Friends upset by Claremont High School misidentifying transgender student who died

CLAREMONT, Calif. (KABC) -- The sudden death of a transgender student at Claremont High School has not only shaken students and staff members, but is also causing frustration in the LGBTQ community over the decision by the school district to use the name the student was born with, as opposed to the name the student had chosen.

Friends say Chloe Vivian Kreutzer died from an accidental prescription drug overdose. An email that the school principal issued last week identified the 9th grade student who died by their "deadname," even though the student was in the process of transitioning and was using the name Chloe Vivian Kreutzer.

The practice of referring to a transgender person by the name they were born with, accidentally or not, is called "deadnaming." One of the student's friends said it is causing further pain in the transgender community on campus.

"It's very hurtful," said Alexa McMillan, who said she had been friends with Kreutzer for the past three years. "You were that person before and you're changing into a new person, so you're evolving in a way.
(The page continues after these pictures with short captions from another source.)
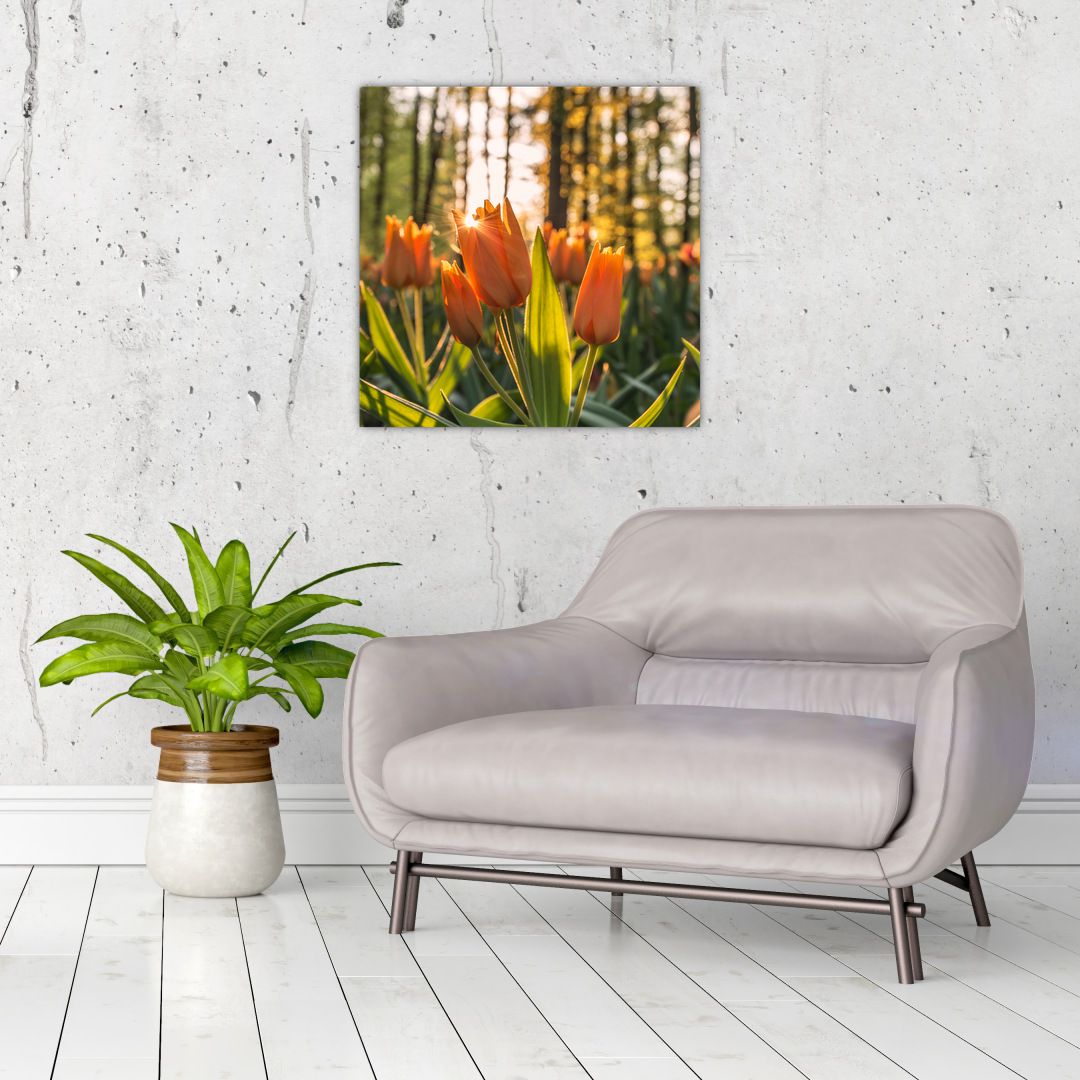 Obraz - oranžové tulipány (V020552V5050)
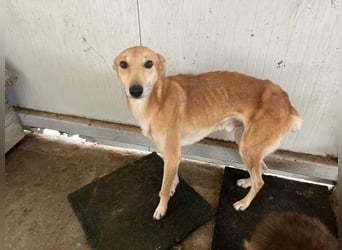 TOFU sucht ein Zuhause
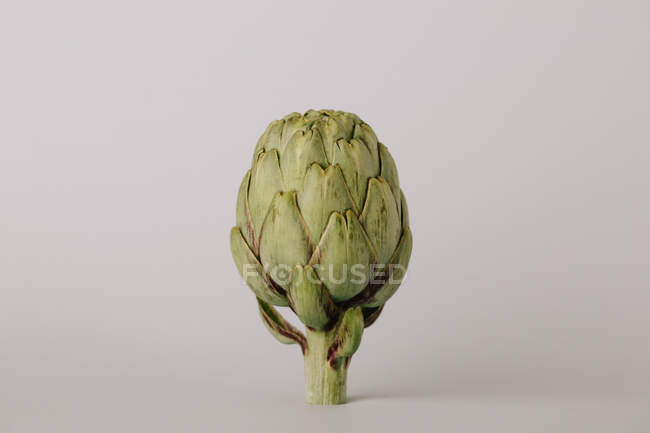 Raw uncooked whole artichoke on grey background — Stock Photo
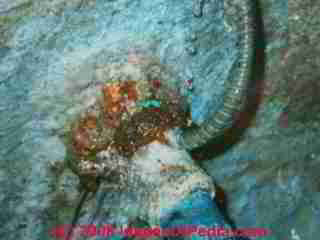 Electrical ground corrosion at water pipe (C) Daniel Friedman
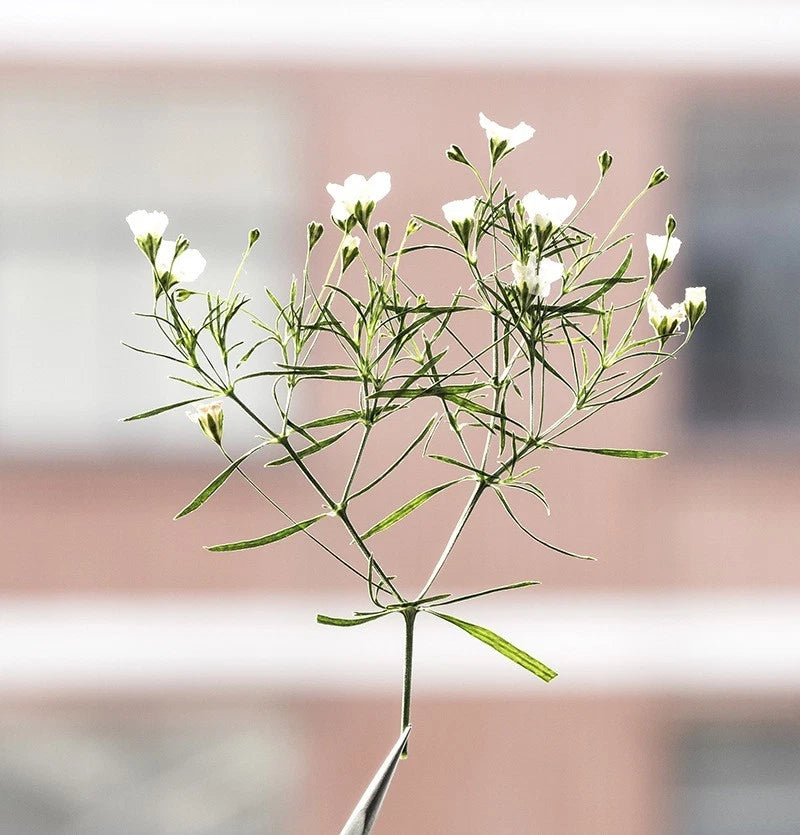 Set of dried tiny white flowers with green stems and leaves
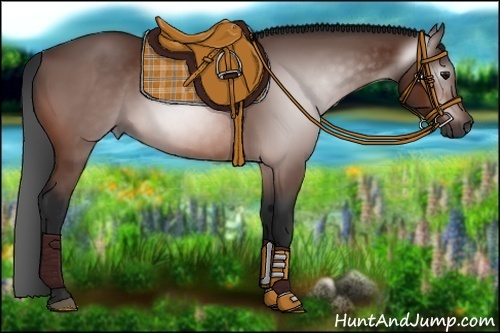 Horse Color:Gray Bay 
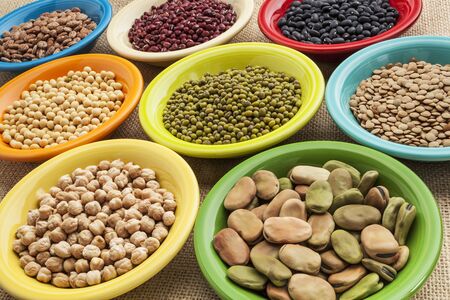variety of legumes (fava bean, mung bean, soy, green lentils, adzuki, black, pinto, chickpea) in...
It's hurtful when you get called that name because it's bringing you back to how you were, and who you no longer are."

Eyewitness News spoke with both of the victim's parents. Kreutzer's mother said that her child had started using the name Chloe more than a year ago, and they had recently spoken to a school counselor about making a name change going forward. But she said that Kreutzer's father disagreed with the transition.

In a statement to Eyewitness News, Kreutzer's father said, "We're all mourning this person. We all loved this person. We're only using his legal name. It's the only name we knew."

As to the decision to use the name the student was born with, the Claremont Unified School District didn't address the matter specifically.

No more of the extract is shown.